James Gandolfini, the Tony Award-Nominated and Emmy Award-Winning Star of The Sopranos, Has Died

Gandolfini last appeared on Broadway in 2009’s God of Carnage.

James Gandolfini
James Gandolfini
(© Joseph Marzullo/WENN)

James Gandolfini, the Tony Award-nominated and multi-Emmy Award-winning actor best known for his performance as mob boss Tony Soprano on the acclaimed HBO drama The Sopranos, died on June 19 in Italy at the age of 51. The cause is believed to have been a heart attack.

Gandolfini received a 2009 Tony nomination for his performance as volatile parent Michael in the hit Yasmina Reza play God of Carnage.

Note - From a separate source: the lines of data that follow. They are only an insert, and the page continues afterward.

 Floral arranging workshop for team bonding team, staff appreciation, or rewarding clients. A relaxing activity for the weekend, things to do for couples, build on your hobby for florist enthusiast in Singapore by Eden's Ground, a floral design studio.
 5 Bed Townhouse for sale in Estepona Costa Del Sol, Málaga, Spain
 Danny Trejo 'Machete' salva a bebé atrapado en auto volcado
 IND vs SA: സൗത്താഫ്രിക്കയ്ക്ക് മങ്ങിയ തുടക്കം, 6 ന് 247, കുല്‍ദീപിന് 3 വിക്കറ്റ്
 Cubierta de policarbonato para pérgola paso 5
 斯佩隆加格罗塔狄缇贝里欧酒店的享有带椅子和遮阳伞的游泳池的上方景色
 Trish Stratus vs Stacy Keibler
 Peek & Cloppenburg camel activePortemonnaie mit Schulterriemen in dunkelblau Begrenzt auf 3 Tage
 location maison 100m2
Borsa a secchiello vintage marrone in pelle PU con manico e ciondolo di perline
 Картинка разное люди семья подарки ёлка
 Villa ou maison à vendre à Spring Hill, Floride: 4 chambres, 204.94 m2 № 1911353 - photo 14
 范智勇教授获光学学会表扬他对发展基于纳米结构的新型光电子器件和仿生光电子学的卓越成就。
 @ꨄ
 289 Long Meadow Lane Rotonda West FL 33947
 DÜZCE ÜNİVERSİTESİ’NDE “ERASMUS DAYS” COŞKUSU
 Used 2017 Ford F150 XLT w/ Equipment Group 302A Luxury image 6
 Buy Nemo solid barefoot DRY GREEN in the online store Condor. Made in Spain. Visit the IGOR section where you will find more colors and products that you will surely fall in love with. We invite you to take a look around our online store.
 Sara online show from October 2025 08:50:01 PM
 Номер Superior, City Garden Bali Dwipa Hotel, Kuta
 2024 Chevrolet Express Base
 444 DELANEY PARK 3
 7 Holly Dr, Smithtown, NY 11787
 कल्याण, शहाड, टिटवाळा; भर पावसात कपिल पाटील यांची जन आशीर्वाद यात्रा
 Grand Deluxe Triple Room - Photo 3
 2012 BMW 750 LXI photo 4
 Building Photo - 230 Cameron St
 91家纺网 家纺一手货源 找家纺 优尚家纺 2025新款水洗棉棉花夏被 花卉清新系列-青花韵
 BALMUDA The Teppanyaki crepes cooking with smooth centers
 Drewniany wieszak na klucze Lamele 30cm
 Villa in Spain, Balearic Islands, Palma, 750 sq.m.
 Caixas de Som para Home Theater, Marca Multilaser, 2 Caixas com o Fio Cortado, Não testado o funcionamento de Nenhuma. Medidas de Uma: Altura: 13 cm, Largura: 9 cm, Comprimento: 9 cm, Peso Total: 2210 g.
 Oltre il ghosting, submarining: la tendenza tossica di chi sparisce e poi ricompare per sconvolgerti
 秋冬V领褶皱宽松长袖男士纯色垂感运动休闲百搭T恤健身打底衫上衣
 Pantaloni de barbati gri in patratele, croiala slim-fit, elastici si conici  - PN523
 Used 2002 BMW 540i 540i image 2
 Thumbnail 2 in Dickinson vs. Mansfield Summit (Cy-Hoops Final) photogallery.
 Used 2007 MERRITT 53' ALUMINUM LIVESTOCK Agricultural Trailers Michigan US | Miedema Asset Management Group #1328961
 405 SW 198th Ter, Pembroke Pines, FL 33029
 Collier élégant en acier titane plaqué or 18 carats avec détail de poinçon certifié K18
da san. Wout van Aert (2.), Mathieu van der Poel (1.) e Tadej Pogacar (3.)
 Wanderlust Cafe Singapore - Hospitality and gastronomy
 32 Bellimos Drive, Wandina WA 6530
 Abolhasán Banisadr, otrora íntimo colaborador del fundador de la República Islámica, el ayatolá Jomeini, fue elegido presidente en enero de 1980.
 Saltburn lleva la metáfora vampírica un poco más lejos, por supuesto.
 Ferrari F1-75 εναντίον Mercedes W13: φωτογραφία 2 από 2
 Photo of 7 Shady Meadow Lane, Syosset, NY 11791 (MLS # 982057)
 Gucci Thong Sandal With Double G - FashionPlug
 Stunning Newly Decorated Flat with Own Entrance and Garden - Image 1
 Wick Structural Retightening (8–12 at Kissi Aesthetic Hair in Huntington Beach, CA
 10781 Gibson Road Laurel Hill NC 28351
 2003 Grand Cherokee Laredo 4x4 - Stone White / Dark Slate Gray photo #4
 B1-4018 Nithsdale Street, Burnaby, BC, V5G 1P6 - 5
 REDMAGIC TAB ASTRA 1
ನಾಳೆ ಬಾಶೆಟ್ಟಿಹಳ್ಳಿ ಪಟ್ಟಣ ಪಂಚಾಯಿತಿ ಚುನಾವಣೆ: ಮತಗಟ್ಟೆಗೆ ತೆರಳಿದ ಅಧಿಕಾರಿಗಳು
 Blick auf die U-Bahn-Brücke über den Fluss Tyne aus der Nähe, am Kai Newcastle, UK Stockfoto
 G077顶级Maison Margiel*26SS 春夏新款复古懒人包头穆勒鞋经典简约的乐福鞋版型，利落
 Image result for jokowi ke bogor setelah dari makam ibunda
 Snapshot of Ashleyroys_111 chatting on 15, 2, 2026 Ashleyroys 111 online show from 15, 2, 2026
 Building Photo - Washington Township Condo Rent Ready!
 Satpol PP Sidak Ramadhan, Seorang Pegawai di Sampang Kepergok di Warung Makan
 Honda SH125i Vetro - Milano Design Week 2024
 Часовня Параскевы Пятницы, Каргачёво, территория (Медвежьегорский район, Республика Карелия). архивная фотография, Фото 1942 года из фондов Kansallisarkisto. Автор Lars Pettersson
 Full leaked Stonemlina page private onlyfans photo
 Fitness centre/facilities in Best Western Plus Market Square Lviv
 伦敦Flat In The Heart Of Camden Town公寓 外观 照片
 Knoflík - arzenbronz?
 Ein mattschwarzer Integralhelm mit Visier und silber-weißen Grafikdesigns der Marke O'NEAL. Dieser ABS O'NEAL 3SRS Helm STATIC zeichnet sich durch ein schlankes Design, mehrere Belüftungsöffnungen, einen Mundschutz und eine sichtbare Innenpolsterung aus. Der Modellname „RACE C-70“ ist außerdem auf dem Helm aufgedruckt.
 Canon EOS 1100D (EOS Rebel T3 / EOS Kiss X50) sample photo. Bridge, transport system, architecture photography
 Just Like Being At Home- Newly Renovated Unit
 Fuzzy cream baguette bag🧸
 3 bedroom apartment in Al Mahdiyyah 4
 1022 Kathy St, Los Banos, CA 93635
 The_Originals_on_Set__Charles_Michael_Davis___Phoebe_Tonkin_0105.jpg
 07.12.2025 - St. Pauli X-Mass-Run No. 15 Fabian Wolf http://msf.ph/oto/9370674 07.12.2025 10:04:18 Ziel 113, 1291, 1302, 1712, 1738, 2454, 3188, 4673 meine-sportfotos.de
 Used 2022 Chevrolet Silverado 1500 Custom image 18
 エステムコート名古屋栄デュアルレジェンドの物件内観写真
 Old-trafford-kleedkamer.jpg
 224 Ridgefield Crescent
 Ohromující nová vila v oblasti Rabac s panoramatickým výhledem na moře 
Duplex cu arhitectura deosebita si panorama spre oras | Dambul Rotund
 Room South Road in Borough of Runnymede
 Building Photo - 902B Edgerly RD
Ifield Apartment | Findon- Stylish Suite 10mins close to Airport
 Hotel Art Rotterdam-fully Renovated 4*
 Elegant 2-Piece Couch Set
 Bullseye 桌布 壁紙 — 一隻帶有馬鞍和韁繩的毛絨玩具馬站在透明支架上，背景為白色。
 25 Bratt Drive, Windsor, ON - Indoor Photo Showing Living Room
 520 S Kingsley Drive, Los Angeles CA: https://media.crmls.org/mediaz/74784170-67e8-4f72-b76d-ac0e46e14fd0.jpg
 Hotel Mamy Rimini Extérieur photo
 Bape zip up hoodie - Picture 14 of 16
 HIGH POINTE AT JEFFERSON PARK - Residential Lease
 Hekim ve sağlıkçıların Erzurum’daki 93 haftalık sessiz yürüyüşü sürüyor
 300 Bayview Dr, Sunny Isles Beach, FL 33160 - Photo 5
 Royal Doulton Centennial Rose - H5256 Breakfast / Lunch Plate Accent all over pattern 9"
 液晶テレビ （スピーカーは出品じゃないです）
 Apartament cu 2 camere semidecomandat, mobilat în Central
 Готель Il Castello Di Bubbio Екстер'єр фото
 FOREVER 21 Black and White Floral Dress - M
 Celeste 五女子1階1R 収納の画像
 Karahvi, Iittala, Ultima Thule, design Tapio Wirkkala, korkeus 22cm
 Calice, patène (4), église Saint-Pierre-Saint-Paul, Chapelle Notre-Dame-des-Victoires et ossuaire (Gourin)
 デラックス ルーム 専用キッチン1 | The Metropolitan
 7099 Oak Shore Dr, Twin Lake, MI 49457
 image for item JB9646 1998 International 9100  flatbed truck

Directed by Matthew Warchus and playing opposite Jeff Daniels, Marcia Gay Harden, and Hope Davis, they repeated their work in the French play’s subsequent Los Angeles staging in 2011. Gandolfini made his Broadway debut in the 1992 revival of A Streetcar Named Desire, which starred Jessica Lange and Alec Baldwin, and later appeared in On the Waterfront.

Yet it was his performance as Tony Soprano that made the press-shy Gandolfini a household name. The Sopranos ran for six seasons on HBO, and Gandolfini picked up three Emmy Awards, four SAG Awards, and a Golden Globe for his work as the New Jersey mafia kingpin with anxiety issues. Among his many film credits were Zero Dark Thirty, In the Loop, True Romance, Get Shorty, and Where the Wild Things Are.

Born in Westwood, New Jersey on September 18, 1961, James Joseph Gandolfini, Jr. is survived by his wife, Deborah Lin, their daughter, Liliana, and a teenage son, Michael, from a previous marriage.